Summary
noting that "courts give considerable deference to plaintiff's choice of forum, and thus party seeking transfer under 28 U.S.C. § 1404 typically bears burden of proving transfer is warranted"
Summary of this case from Hursh v. DST Sys.Opinion
No. 13-3049
04-24-2014
Appeal from United States District Court
for the District of Minnesota - Minneapolis
[Unpublished]
Before BYE, GRUENDER, and SHEPHERD, Circuit Judges. PER CURIAM.

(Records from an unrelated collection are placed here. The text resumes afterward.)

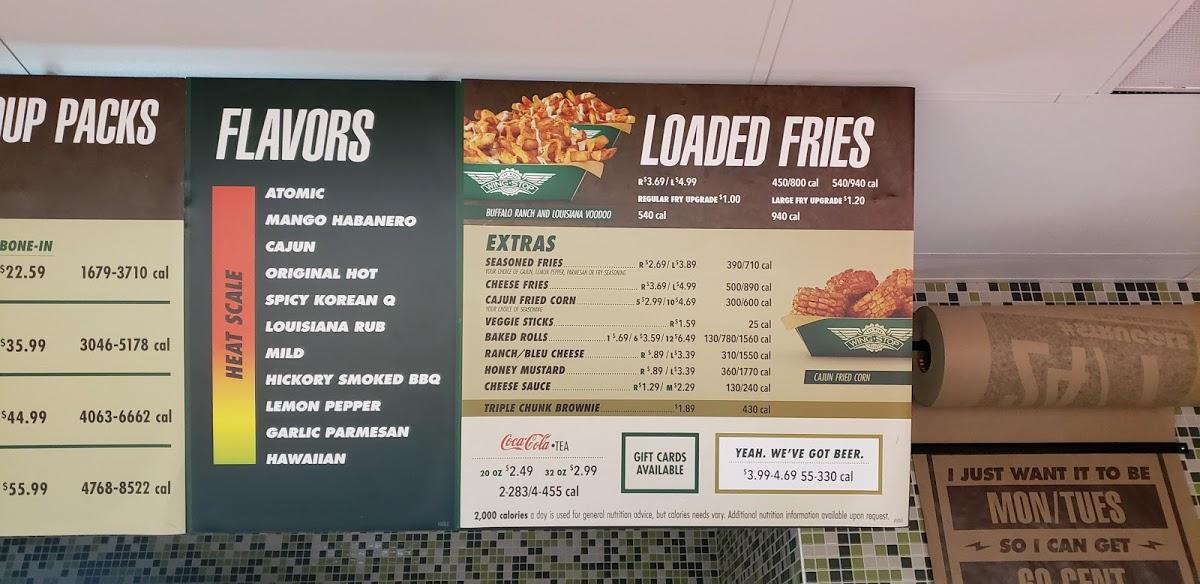 Menu at Wingstop restaurant, Edwards Air Force Base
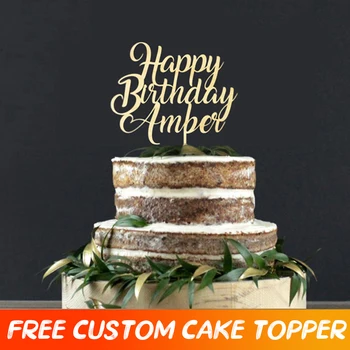 Изготовленный На заказ Декор Топпера Для Свадебного торта С Днем Рождения, Топпер Для Торта, Персонализированное Украшение для вечеринки на Годовщину Изображение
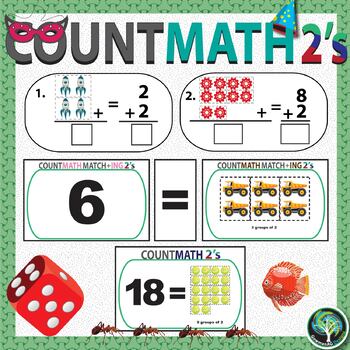 Preview of Counting & Basic Adding for 2's with pictures (Special Education)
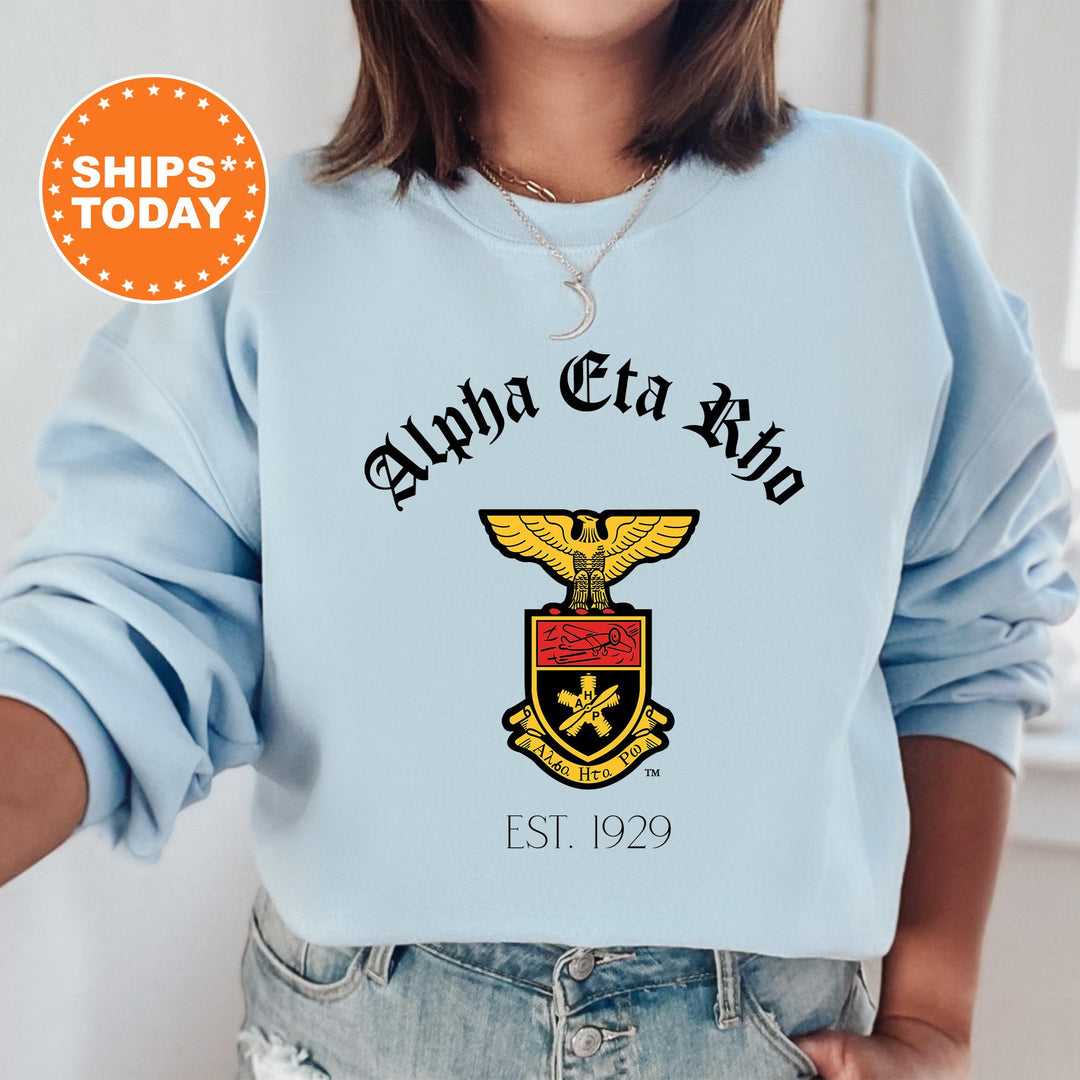 Alpha Eta Rho Greek Heritage COED Sweatshirt | Alpha Eta Rho Crest Sweatshirt | COED Fraternity Crewneck | Greek Apparel _ 15381g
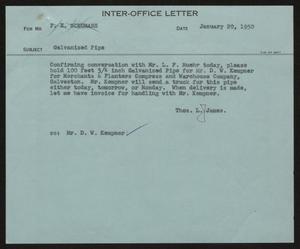 [Letter from T. L. James to P. E. Schumann, January 20, 1950]
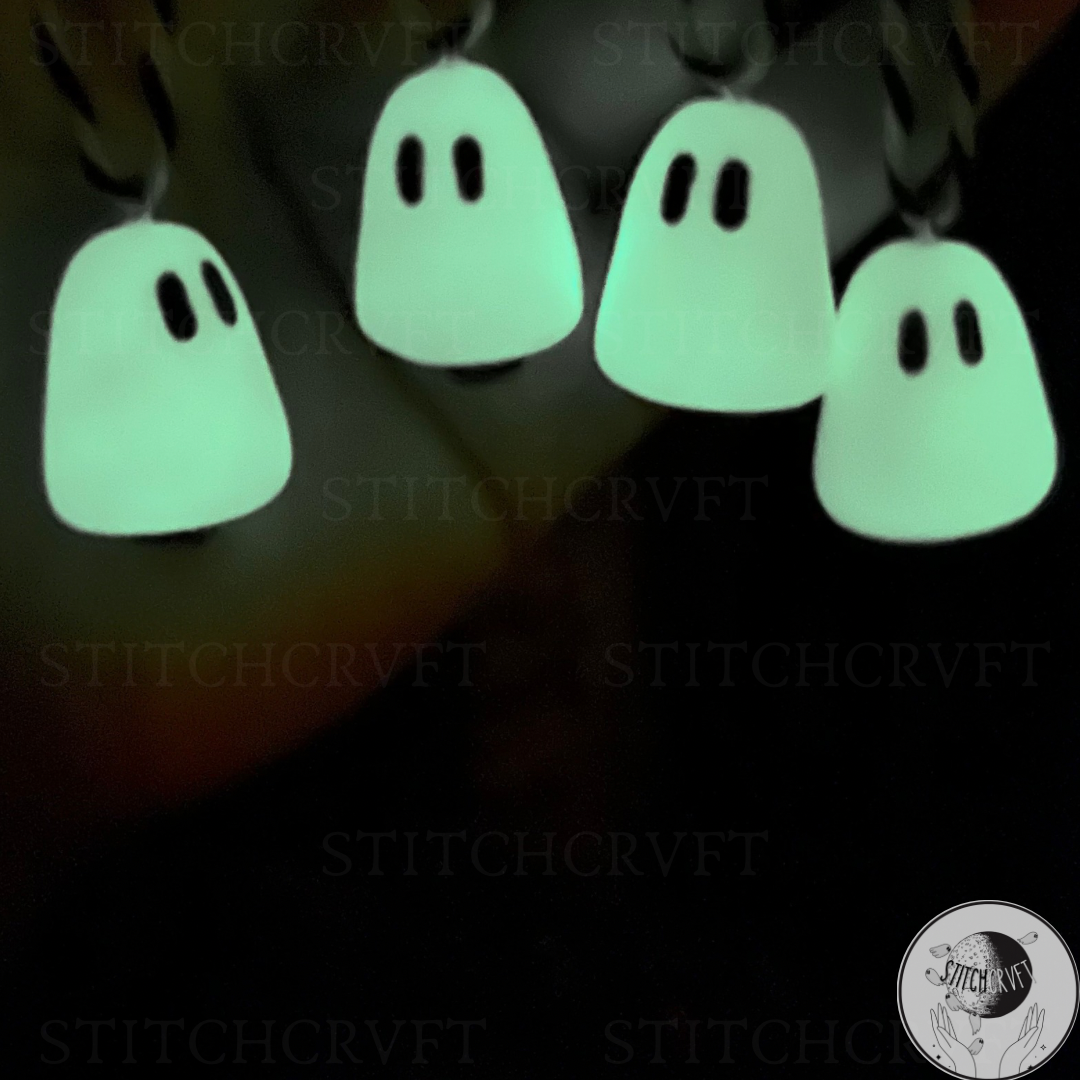 Jingle Boos mini ghost baubles. Glowing or White | Handmade to order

Guy Blume appeals from the final judgment entered by the district court in this action brought by American Dairy Queen Corporation. He challenges the default judgment entered against him, the denial of his requests to transfer venue, and the dismissal of his counterclaims. Upon careful review, we conclude that the district court did not abuse its discretion in entering the default judgment or in dismissing Blume's counterclaims as sanctions under Federal Rule of Civil Procedure 37. See Int'l Bhd. of Elec. Workers, Local Union No. 545 v. Hope Elec. Corp., 380 F.3d 1084, 1105 (8th Cir. 2004) (standard of review; default judgment may be upheld if within range of acceptable sanctions); Gen. Dynamics Corp. v. Selb Mfg. Co., 481 F.2d 1204, 1211-14 (8th Cir. 1973) (with-prejudice dismissal of counterclaims as Rule 37 sanction did not constitute abuse of discretion). We also conclude that the district court did not abuse its discretion in declining to transfer venue. See In re Apple, Inc., 602 F.3d 909, 912-13 (8th Cir. 2010) (per curiam) (standard of review; courts give considerable deference to plaintiff's choice of forum, and thus party seeking transfer under 28 U.S.C. § 1404(a) typically bears burden of proving transfer is warranted).
The Honorable Richard H. Kyle, United States District Judge for the District of Minnesota, adopting the report and recommendations of the Honorable Tony N. Leung, United States Magistrate Judge for the District of Minnesota.
Blume has not addressed the amount of the judgment in his arguments on appeal. See Ahlberg v. Chrysler Corp., 481 F.3d 630, 634 (8th Cir. 2007) (points not meaningfully argued in opening brief are waived).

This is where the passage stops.